The ball arrived at Verratti's feet in the half-space between Arsenal's midfield and defensive lines, and Verratti — to his eternal credit — didn't even look at it. He was already moving, one touch, redirecting it first-time into the channel for Bernardeschi, who had timed his run to the exact moment the pass left Verratti's boot.

Bernardeschi squared it. Luca was arriving at the edge of the box.

Giroud got in the way. Accidentally, stumbling back from Moretti's last challenge, still half-turned, and the ball deflected off his shin and went out for a corner.

The Curva Fiesole screamed anyway. Because they'd seen it. All of it. The recycling, the shift, the corridor, the arrival.

Verratti jogged past Luca toward the corner flag. "Okay," he said, almost to himself. "Okay. I see what you're doing."

"Good."

"That's — we're playing their football."

"We're playing better football."

"We're playing Wenger's football at Wenger." Verratti stopped walking. Turned. His face had an expression Luca couldn't quite categorize — somewhere between delight and something darker. "That's cruel."

"It's honest," Luca said. "He built something beautiful and then he buried it because he was afraid. Someone should show him what he buried."

The corner came to nothing. Arteta headed it clear, Flamini won the second ball, and for thirty seconds Arsenal had possession and the crowd noise dropped half a register, the way it always did when the home team lost the thread.

Then Kanté took it off Arteta.

Not a tackle. A dispossession — patient, body-to-body, waiting for the moment Arteta's touch was a centimeter too heavy, then simply being there. The ball was Fiorentina's again, and Luca was already calling for it.

What followed was not a sequence anyone planned. That was the thing about it — the thing Luca understood from thirty-eight years of watching football and sixteen months of playing it at this level. The great passages of play didn't feel constructed in the moment. They felt inevitable. Like water finding the lowest point.

Luca to Verratti. Verratti first-time to Bernardeschi. Bernardeschi back-heeled, impossibly casual, to Illarramendi. Illarramendi played it square to Kanté, who was already moving forward, who laid it into the corridor for Luca again, and Luca — without breaking stride, without looking down — rolled it wide to Verratti on the overlap.

Arteta was close. He lunged.

Verratti's touch took the ball around the outside of Arteta's boot with approximately two centimeters of clearance, and then he was through, and the Curva was already rising.

"Vai, vai, vai—"

Verratti squared it low across the box.

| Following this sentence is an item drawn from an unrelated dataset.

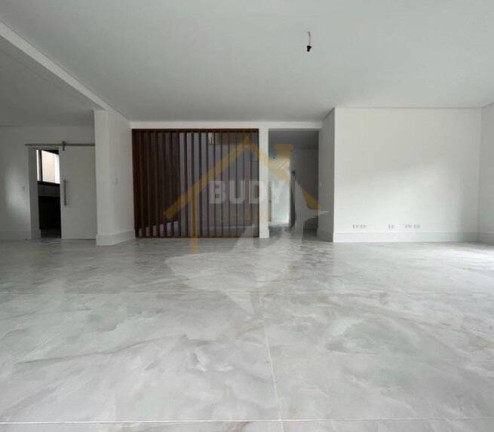 Imagem Casa com 4 Quartos à Venda, 430 m² em Alphaville Residencial Dois - Barueri Imagem Casa com 4 Quartos à Venda, 430 m² em Alphaville Residencial Dois - Barueri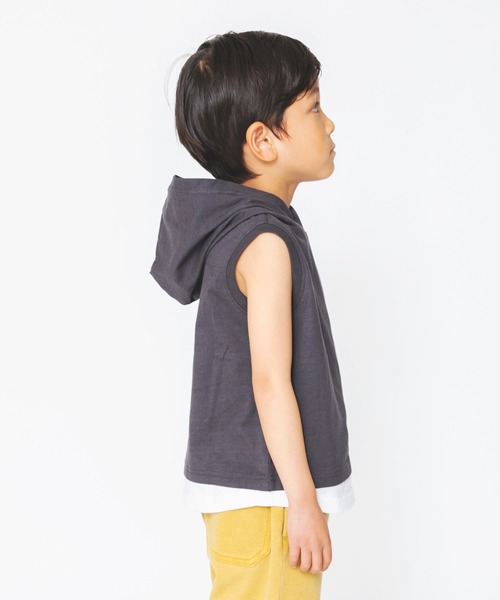 BRANSHES(ブランシェス)の「【UVカット】ボックスロゴタンクトップ(タンクトップ・キッズ・チャコールグレー/キャメル・90cm/110cm/100cm/120cm/130cm/140cm/150cm)」の11枚目の写真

Giroud, still in there, still trying, got a boot to it and deflected it out again. Third corner in four minutes. The Arsenal defensive line was breathing hard, their shape ragged at the edges, Koscielny shouting something at Vermaelen who was shouting something back.

"They're arguing," said Verratti, appearing at Luca's shoulder again as they walked toward the corner arc. He sounded genuinely pleased.

"Koscielny wants a higher line. Vermaelen doesn't trust his pace against Bernardeschi."

"How do you know that?"

"Because that's the argument I'd be having if I were them."

Verratti almost smiled. Almost. "You know what's strange? I've played against better teams than this. Teams with more quality. But I've never felt like—" He stopped. Searched for the word. "Like we were explaining something to the other team while we beat them."

"That's what this is," Luca said. "That's exactly what this is."

The fiftieth pass of the sequence — Luca counted, not obsessively, just the way a journalist counts paragraphs, tracking structure — came from Illarramendi, a simple ten-meter diagonal that split the gap between Flamini and the retreating Arteta.

Luca was in space. The edge of the box. Koscielny was coming across, closing fast, a good defender doing the right thing, but he'd started two steps too wide and he knew it, and Luca could see him know it — the slight overcorrection in his stride, the lean that meant he was trying to cover too much ground.

The ball arrived.

Right foot. He didn't set it up. Didn't take a touch to steady himself. The ball came across his body and he hit it first-time, inside of the boot, and he felt the contact the way you feel a sentence land correctly — not with excitement, just with the clean certainty that it was right.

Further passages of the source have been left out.